A 13-Bit 260MS/s Power-Efficient Pipeline ADC Using a Current-Reuse Technique and Interstage Gain and Nonlinearity Errors Calibration

A pipeline analog-to-digital converter (ADC) with high power efficiency is implemented in this paper. The ADC architecture consists of 3.5b, 3.5b, 3.5b, and 4b sub-ADCs. For the first three stages, a current-reuse technique is employed in the current mode multiplying digital-to-analog converters (MDACs). An operational transconductance amplifier (OTA) converts an input voltage into current; A current-steering DAC reuses the OTA bias current. The OTA and the DAC generate the sub-ADC residue in a current domain. As a result, both power consumption and thermal noise for the MDAC are reduced. A transimpedance amplifier (TIA) with a feedback resistor is utilized to convert the current signal to a voltage residue signal for the next stage. An off-chip calibration scheme is used to correct interstage gain and nonlinearity errors.
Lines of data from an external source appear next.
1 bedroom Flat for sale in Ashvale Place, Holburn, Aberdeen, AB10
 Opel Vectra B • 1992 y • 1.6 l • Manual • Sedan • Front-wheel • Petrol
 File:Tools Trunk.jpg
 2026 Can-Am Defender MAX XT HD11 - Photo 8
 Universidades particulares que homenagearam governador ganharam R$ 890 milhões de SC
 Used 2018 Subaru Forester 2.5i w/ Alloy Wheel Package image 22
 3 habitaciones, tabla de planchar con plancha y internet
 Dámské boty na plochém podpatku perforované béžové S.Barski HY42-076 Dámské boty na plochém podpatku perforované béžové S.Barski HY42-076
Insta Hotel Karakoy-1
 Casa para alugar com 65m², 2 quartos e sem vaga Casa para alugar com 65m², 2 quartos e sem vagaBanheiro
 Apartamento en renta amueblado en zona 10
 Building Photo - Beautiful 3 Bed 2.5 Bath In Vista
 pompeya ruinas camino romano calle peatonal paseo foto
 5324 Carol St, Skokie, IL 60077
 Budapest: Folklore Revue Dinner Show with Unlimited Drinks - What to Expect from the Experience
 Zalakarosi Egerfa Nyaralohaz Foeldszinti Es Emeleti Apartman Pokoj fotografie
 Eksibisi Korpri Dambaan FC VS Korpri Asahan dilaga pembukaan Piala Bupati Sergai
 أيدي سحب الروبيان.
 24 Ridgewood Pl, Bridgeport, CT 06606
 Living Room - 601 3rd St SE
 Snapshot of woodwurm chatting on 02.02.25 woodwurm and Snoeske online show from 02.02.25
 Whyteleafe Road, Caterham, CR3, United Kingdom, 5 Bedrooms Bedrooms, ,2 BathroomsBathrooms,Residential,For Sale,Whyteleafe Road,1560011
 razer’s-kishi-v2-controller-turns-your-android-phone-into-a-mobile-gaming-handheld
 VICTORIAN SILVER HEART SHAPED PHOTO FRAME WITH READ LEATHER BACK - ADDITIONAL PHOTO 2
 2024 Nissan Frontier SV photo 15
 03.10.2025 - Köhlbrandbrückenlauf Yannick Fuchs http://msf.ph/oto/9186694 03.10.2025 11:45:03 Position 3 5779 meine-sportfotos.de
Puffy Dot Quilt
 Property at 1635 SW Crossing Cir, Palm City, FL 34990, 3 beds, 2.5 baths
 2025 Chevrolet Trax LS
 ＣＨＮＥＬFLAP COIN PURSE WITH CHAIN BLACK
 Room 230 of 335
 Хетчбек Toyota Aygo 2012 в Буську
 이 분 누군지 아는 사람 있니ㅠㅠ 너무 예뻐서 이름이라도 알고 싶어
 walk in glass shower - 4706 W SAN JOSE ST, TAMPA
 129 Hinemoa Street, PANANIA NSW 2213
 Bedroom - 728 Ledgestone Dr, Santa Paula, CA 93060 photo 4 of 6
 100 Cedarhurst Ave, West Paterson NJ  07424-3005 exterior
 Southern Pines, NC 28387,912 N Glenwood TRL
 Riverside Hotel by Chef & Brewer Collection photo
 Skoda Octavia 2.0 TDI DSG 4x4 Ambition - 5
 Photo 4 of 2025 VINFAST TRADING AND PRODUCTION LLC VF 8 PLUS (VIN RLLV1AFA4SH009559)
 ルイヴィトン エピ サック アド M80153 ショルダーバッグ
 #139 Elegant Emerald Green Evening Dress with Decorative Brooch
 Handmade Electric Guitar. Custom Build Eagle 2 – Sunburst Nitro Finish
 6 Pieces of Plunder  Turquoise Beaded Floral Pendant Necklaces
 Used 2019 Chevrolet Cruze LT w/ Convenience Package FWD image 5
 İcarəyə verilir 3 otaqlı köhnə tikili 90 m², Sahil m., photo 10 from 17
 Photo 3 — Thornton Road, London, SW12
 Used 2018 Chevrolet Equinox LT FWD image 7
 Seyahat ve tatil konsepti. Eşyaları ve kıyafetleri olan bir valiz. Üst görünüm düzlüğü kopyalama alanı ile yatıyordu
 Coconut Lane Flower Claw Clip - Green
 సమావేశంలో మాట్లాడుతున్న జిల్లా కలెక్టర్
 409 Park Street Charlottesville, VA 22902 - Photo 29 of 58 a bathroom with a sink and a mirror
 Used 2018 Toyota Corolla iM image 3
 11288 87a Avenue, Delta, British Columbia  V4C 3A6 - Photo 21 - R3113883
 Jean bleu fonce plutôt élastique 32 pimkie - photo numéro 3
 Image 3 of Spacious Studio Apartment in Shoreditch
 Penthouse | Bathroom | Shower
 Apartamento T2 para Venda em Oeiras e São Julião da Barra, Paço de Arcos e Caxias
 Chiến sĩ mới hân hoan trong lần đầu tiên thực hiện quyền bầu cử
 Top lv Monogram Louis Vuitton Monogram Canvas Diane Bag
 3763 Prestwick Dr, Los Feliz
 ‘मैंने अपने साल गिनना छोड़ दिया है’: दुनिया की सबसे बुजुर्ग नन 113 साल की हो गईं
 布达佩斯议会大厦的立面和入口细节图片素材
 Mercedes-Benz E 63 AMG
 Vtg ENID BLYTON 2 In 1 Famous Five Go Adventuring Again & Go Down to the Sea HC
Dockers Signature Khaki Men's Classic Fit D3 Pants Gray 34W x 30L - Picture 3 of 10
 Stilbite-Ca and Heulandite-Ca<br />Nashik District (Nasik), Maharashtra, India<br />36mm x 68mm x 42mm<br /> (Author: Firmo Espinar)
The fabricated ADC achieves 68.1 dB signal-to-noise-and-distortion ratio (SNDR) and 82.3 dB spurious free dynamic range (SFDR) for a sinusoidal input at 4.17 MHz. The ADC operates at a maximum sampling frequency of 260 MHz. With an input signal at 123.129 MHz, the measured SNDR/SFDR are 66.3/78.22 dB, respectively. The total power consumption for the ADC running at maximum speed is 15.38 mW. Thus, the pipeline ADC achieves a 167.4 dB figure-of-merit (FoM). The chip was manufactured in a TSMC 40-nm CMOS process.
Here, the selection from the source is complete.